Author: Amy Tan
Provided Synopsis: Moving between the dazzling world of courtesans in turn of the century Shanghai, a remote Chinese mountain village, and the rough-hewn streets of nineteenth-century San Francisco, Amy Tan’s sweeping new novel maps the lives of three generations of women connected by blood and history-and the mystery of an evocative painting known as “The Valley of Amazement.”
Violet is one of the most celebrated courtesans in Shanghai, a beautiful and intelligent woman who has honed her ability to become any man’s fantasy since her start as a “Virgin Courtesan” at the age of twelve. Half-Chinese and half-American, she moves effortlessly between the East and the West. But her talents belie her private struggle to understand who she really is and her search for a home in the world. Abandoned by her mother, Lucia, and uncertain of her father’s identity, Violet’s quest to truly love and be loved will set her on a path fraught with danger and complexity-and the loss of her own daughter.

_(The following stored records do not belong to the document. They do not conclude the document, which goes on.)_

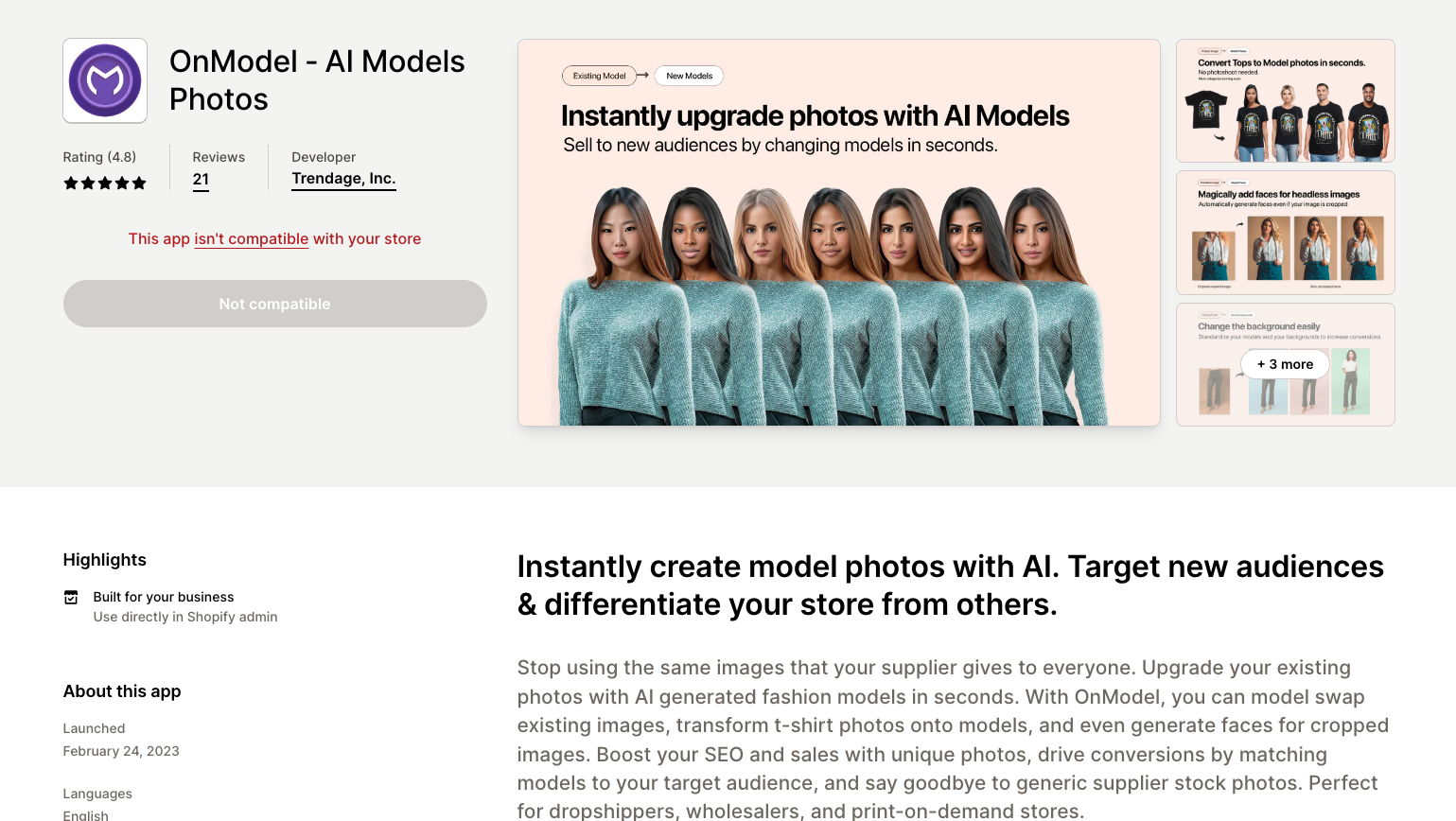 OnModel for Shopify product photos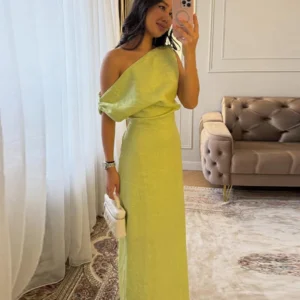 Draped One-Shoulder Maxi Dress
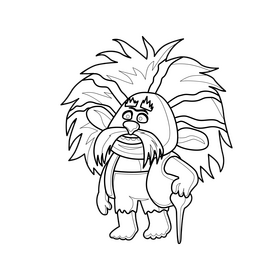Trolls cartoon drawing black and white clipart free download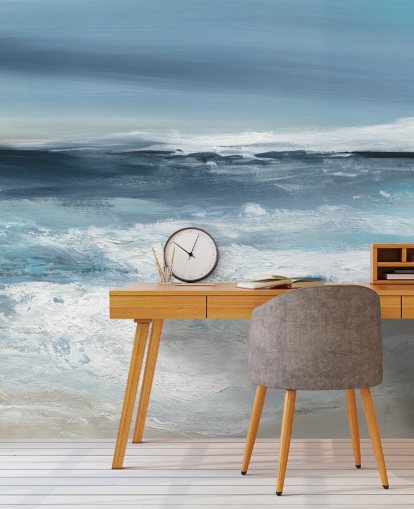 blue abstract beach wallpaper mural called Long Peaceful Beach by Carol Robinson for bedrooms and bathrooms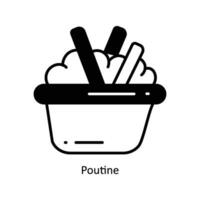 Poutine doodle Icon Design illustration. Food and Drinks Symbol on White background EPS 10 File vector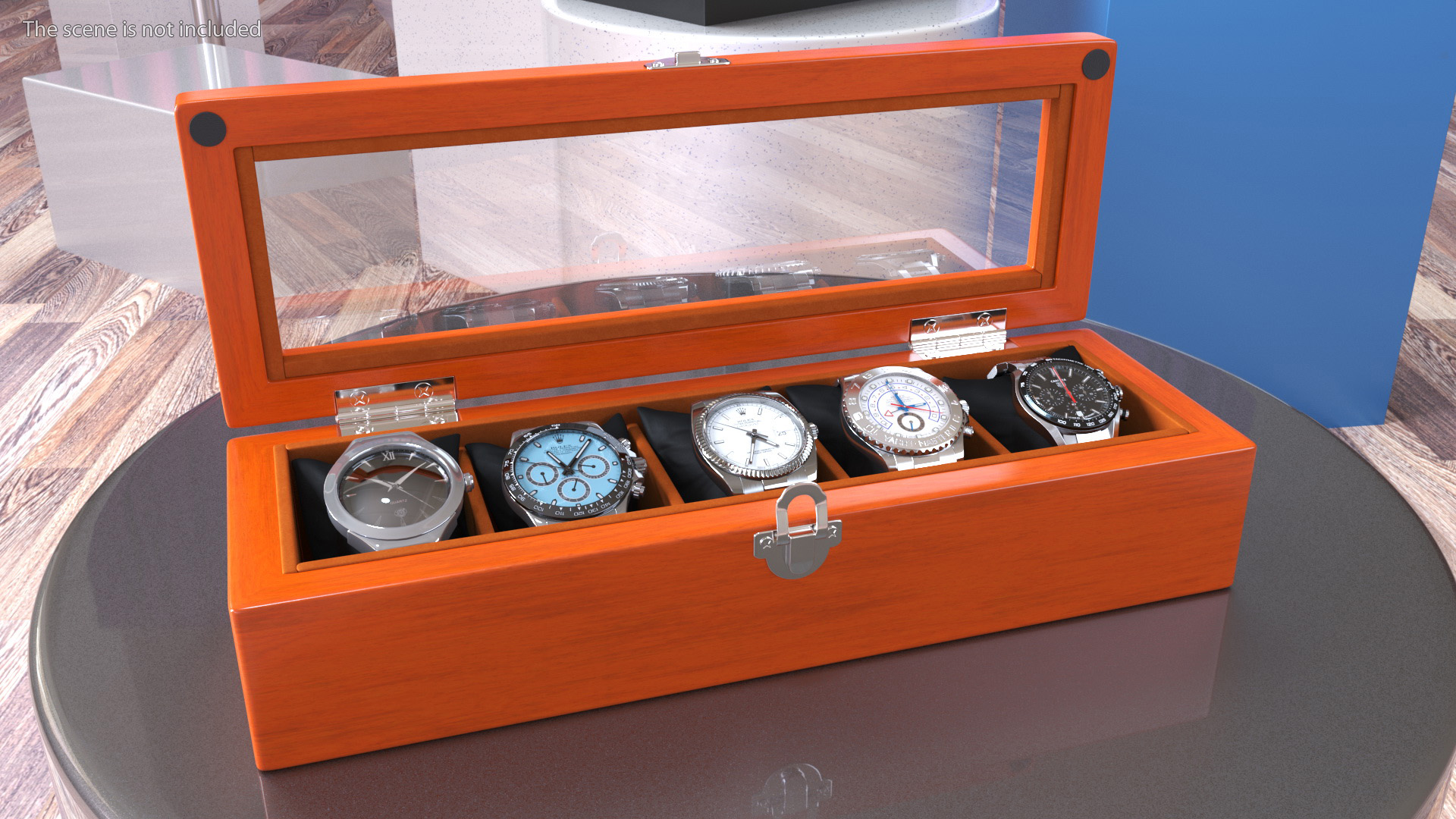 Watch Display Box with Watch Set 3D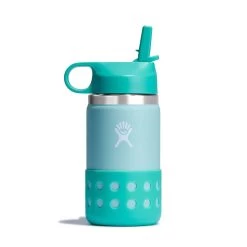 Hydro Flask 12 Oz Kids Wide Mouth Flex Straw & BootWater Bottle - Dew/Mirage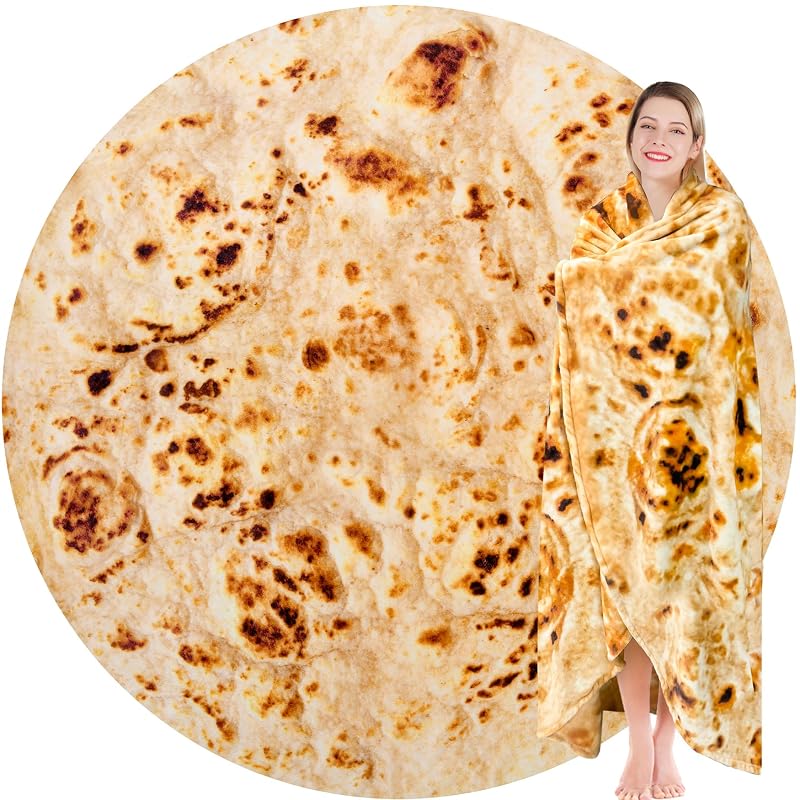 Tan 71 Inch Burritos Throw Blanket - Realistic Tortilla Food Blanket, 285 GSM Flannel, Double-Sided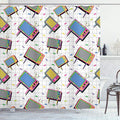 Ambesonne Vintage Shower Curtain, Funny Retro 80s Memphis Neon Color TV with Background Cartoon Style Vintage Design, Cloth Fabric Bathroom Decor Set with Hooks, 69" W x 70" L, Grey Aqua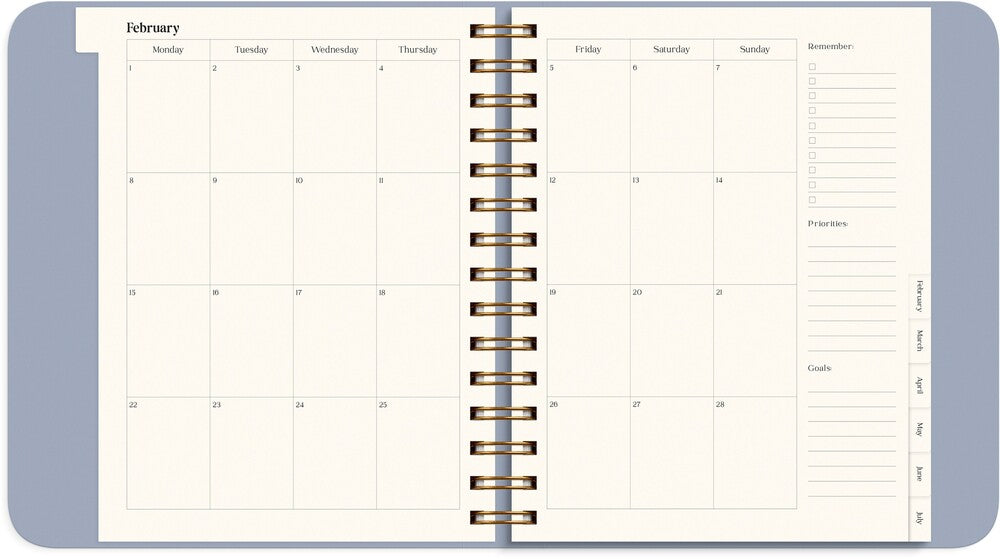 Burde Life Planner 27/28 Blue Uge Tværformat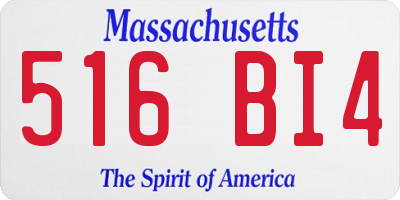 MA license plate 516BI4
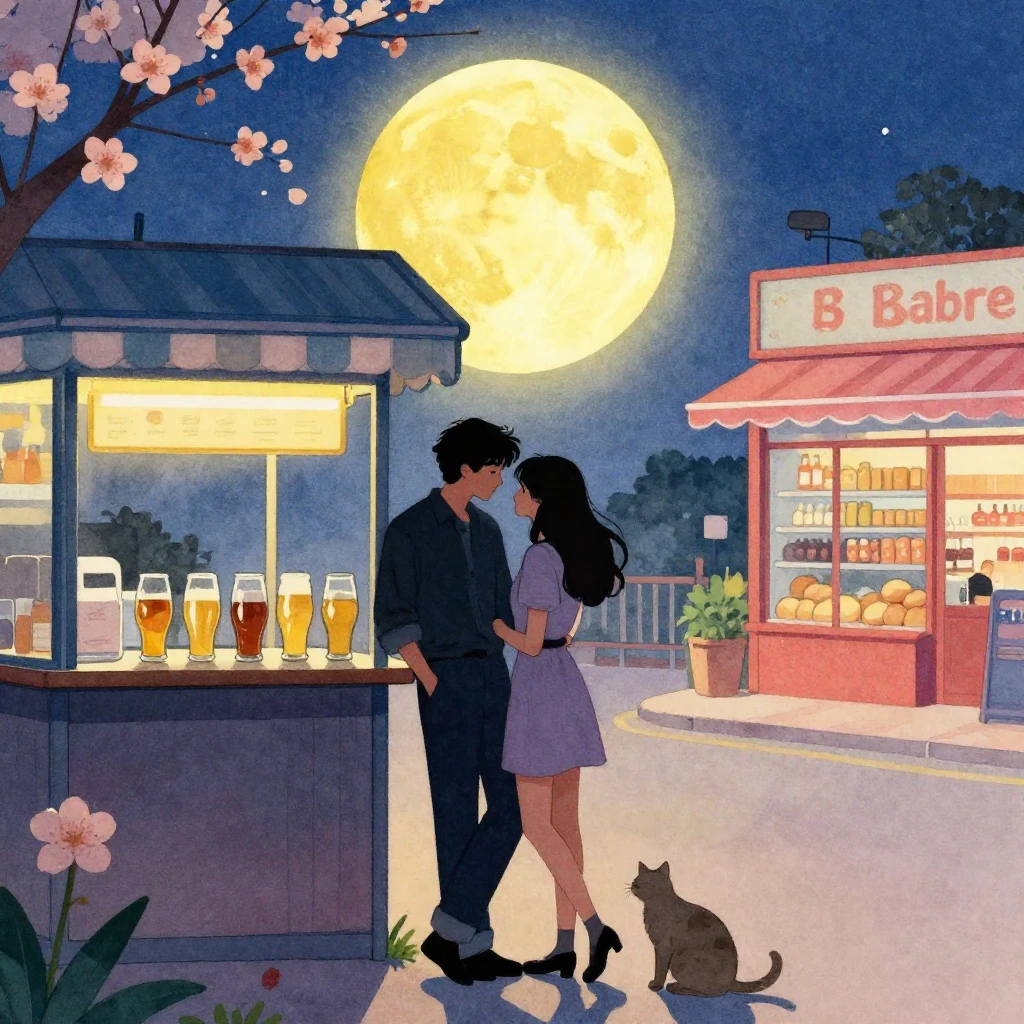 A romantic silhouette of a couple leaning on each other unde...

Lucia, a willful and wild American woman who was once herself the proprietress of Shanghai’s most exclusive courtesan house, nurses her own secret wounds, which she first sustained when, as a teenager, she fell in love with a Chinese painter and followed him from San Francisco to Shanghai. Her search for penance and redemption will bring her to a startling reunion with Flora, Violet’s daughter, and will shatter all that Violet believed she knew about her mother.
Spanning fifty years and two continents, The Valley of Amazement is a deeply moving narrative of family secrets, the legacy of trauma, and the profound connections between mothers and daughters, that returns readers to the compelling territory Amy Tan so expertly mapped in The Joy Luck Club. With her characteristic wisdom, grace, and humor, she conjures a story of the inheritance of love, its mysteries and senses, its illusions and truths.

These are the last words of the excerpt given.